Por ejemplo, el ruedo es un escenario espléndido para entender conceptos duales como miedo y valor, mansedumbre y bravura, nobleza y lealtad. La corrida de toros es una lección de antropología filosófica y también, de formación humanista. ¿Todas las corridas? No, desde luego. Únicamente las que están cimentadas en la verdad.

A mí, como a casi todos los devotos y cofrades del ámbito taurino, desde muy niño, mi padre y mi abuelo me llevaron de la mano a los toros. Eran tiempos en que cosas como esta no se cuestionaban, ni los psicólogos ni los sicopedagogos se habían adueñado de la educación infantil. Ir a los toros era algo tan natural como jugar a indios y vaqueros, en esos tiempos, tampoco estaban censurados arcos, flechas, pistolas y rifles de juguete, que nos sirvieron para entender que en la vida, a veces, es necesario plantar jeta por defender la justicia, la verdad o los ideales, conceptos que en cualquiera de los dos bandos nos tocaba salvaguardar, a pesar de que Hollywood, persistentemente, se empeñó en enseñarnos que apaches, alemanes y japoneses eran los malos.

En el Toreo de Puebla, dentro del palco de la familia, el niño que fui escuchó a sus mayores discurrir acerca de la primacía de la verdad sobre la belleza, de la ética sobre la estética, concepciones de las que en el toreo, se ha hablado siempre. Cincuenta años después, Francis Wolff escribió un libro precioso, Seis claves del arte de torear, en el que asevera que: “La corrida de toros consiste en esta fusión de los valores estéticos del arte con los valores éticos de la existencia”.

El niño aquel comprendió, también, que la corrida de toros hace de la muerte un rito, la envuelve en símbolos, la revierte como algo solemne, sustancial, fundamento de la vida. La corrida hace de la muerte no una derrota, sino el remate y conclusión de la existencia. Cuando el toro se desploma como lo hace una catedral –me gusta esta analogía- los que lo amamos no celebramos su muerte, el festejo que estalla en aplausos se debe a que ha triunfado el Hombre, no el torero, sino todos los que estamos ahí y que en ese momento, somos el diestro.
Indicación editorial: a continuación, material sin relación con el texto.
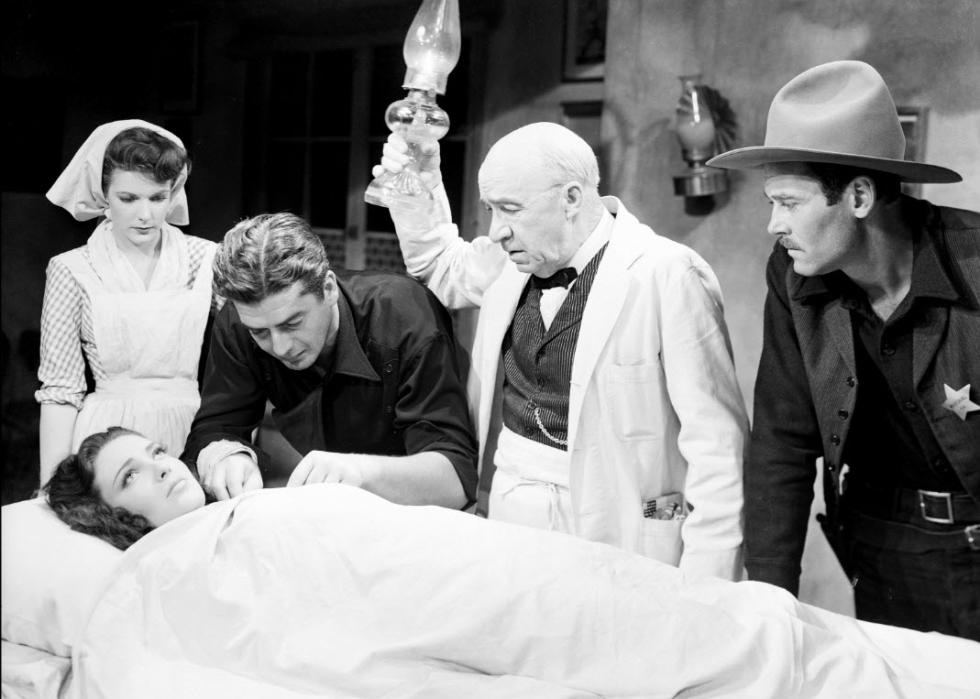Henry Fonda, Linda Darnell, Victor Mature, Cathy Downs, and J. Farrell MacDonald in a scene from "My Darling Clementine"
Aquel niño se llenó el corazón y la memoria de lo que escuchó decir en la plaza. Luego, la literatura ensanchó su manera de pensar y descubrió que las dos disciplinas confluían en un río muy bello que se llama narrativa de la torería, desde entonces, sintió a sus héroes de luces más héroes y cuando en el otoño de su vida se puso a escribir una tesis doctoral, quiso hacerlo acerca de eso que había embellecido toda su vida.

La narrativa de la torería está repleta de ideales: grandeza del toreo,  estética del conjunto hombre-toro y los valores eternos como la templanza, serenidad, valentía, espíritu de sacrificio, dominio de la voluntad, superación ante la adversidad y dignidad en el dolor. En realidad, de eso hablan los relatos taurinos.

Por eso, cuando otra amiga lo invitó a prologar un libro de toros para niños, aceptó gustoso. Que una mujer gaste su tiempo, sus ilusiones y energía en defender el rito anacrónico y que lo haga desde la perspectiva más noble, es decir, enseñando a los niños, demuestra un amor a ultranza por la fiesta. Mary Carmen Chávez Rivadeneyra, valiente, firme y solidaria defendió su trinchera y lo hizo plenamente convencida. Su libro Mi capote de paseo es prueba y empeño de ello, por eso, el niño del que les hablaba, ya hecho hombre, orgulloso y contento, aceptó a sumarse al cometido, escribiendo el prólogo.